13

We are running kafka in distributed mode across 2 servers. I'm sending messages to Kafka through Java sdk to a Queue which has Replication factor 2 and 1 partition.

We are running in async mode. I don't find anything abnormal in Kafka logs. Can anyone help in finding out what could be cause?

    Properties props = new Properties();
            props.put("bootstrap.servers", serverAdress);
            props.put("acks", "all");
            props.put("retries", "1");
            props.put("linger.ms",0);
            props.put("buffer.memory",10240000);
            props.put("max.request.size", 1024000);
            props.put("key.serializer", "org.apache.kafka.common.serialization.StringSerializer");
            props.put("value.serializer", "org.apache.kafka.common.serialization.StringSerializer");

   Producer<String, Object> producer = new org.apache.kafka.clients.producer.KafkaProducer<>(props);

Exception trace:

-2017-08-15T02:36:29,148 [kafka-producer-network-thread | producer-1] WARN producer.internals.Sender - Got error produce response with correlation id 353736 on topic-partition BPA_BinLogQ-0, retrying (0 attempts left). Error: NETWORK_EXCEPTION

Anil Kumar
  • 2,521
  • 7
  • 23
  • 40

2 Answers2

2

You are getting a NETWORK_EXCEPTION so this should tell you that something is wrong with the network connection to the Kafka Broker you were producing toward. Either the broker shutdown or the TCP connection was shutdown for some reason.

Hans Jespersen
  • 8,024
  • 1
  • 24
  • 31
  • Is there a to get the specific reason/trace?. NETWORK_EXCEPTION is way generic, can't identify which went wrong. The brokers was not shutdown for sure – Anil Kumar Aug 18 '17 at 07:06
  • Does the broker logs show anything at the same time? Is the error transient or happens all the time? Are you connected on plaintext port or SSL? – Hans Jespersen Aug 18 '17 at 14:24
  • I dont find anything abnormal in logs at the same time. I'm connecting by giving serverAddress property as serverIP:port . This is first time we got this error – Anil Kumar Aug 19 '17 at 14:24
  • Try TRACE level logging for more details. This is the KIP that added this feature starting in 0.9 https://issues.apache.org/jira/browse/KAFKA-2120. Is it possible you are having network outages? – Hans Jespersen Aug 19 '17 at 16:53
  • Network outrage, there can be. But couldn't report to our team, as we don't have any logs. Thanks,will try TRACE level – Anil Kumar Aug 21 '17 at 10:22
  • 1
    Hey how did you solve this?
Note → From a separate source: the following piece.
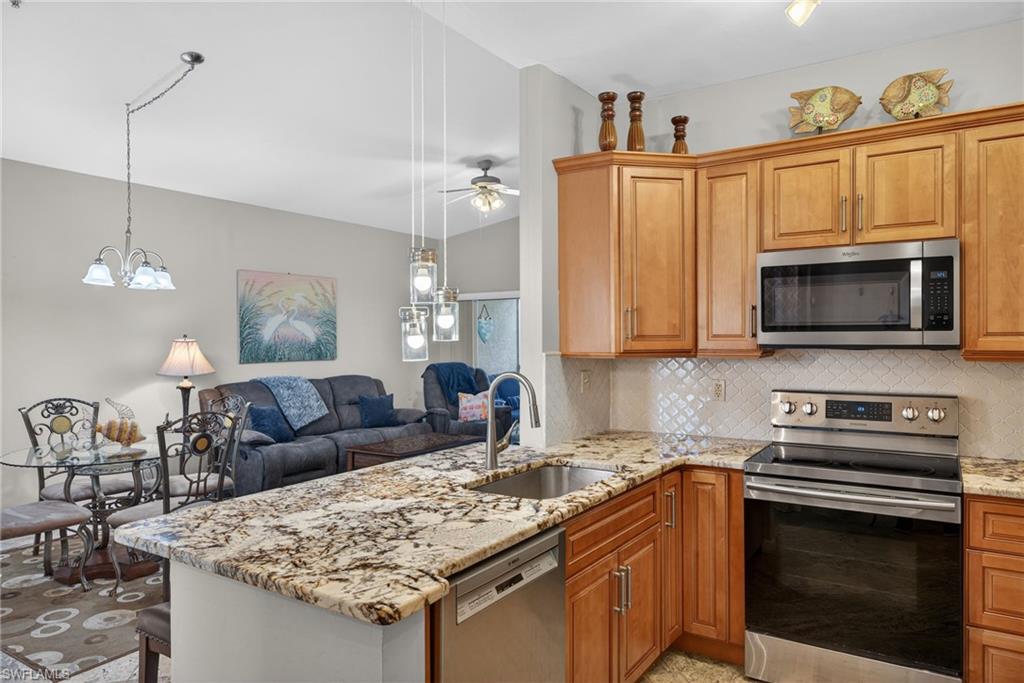 15441 Bellamar Cir 1123 Property Photo 1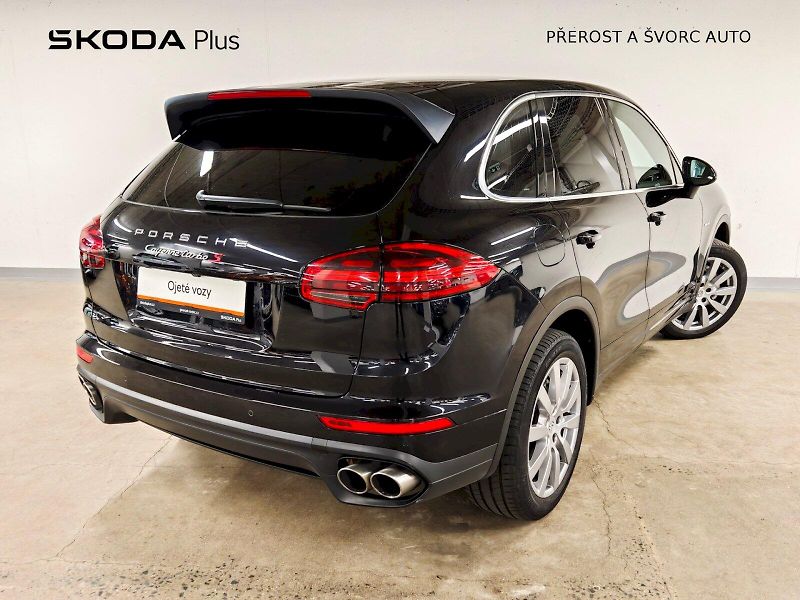 Porsche Cayenne (2016) S 4.2 TDI 283kW 4x4 - fotka 2 z 29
Would appreciate the help. – Chitresh Sinha Nov 24 '21 at 18:43
  • I got this error on localhost with versions 2.6.3 and 3.0.0 under load. The error required restarting the client. – Peter Lawrey Jan 12 '22 at 10:27
0

A quick code dive shows the most probable cause: lost connection to the upstream broker, what causes the delivery method to fail internally inside a sender (link) - you might want to start logging trace in Sender to confirm that:

    if (response.wasDisconnected()) {
        log.trace("Cancelled request with header {} due to node {} being disconnected",
            requestHeader, response.destination());
        for (ProducerBatch batch : batches.values())
            completeBatch(batch, new ProduceResponse.PartitionResponse(Errors.NETWORK_EXCEPTION, String.format("Disconnected from node %s", response.destination())),
                    correlationId, now);
    }

Now with the batch completed in a non-success fashion, it gets retried, but from the logs you have attached it looks like, you ran out of retries (0 attempts left), so it propagates to your level (link):

        if (canRetry(batch, response, now)) {
            log.warn(
                "Got error produce response with correlation id {} on topic-partition {}, retrying ({} attempts left). Error: {}",
                ....
            reenqueueBatch(batch, now);
        }

So the ideas are:

  • investigate your network connectivity - unfortunately this might mean tracing at least on client-side (esp. NetworkClient that does all the upstream broker management) to see if there's any connection loss;
  • increase producer's retries value (though newer versions of Kafka set it to MAX_INT or so).
Adam Kotwasinski
  • 4,377
  • 3
  • 17
  • 40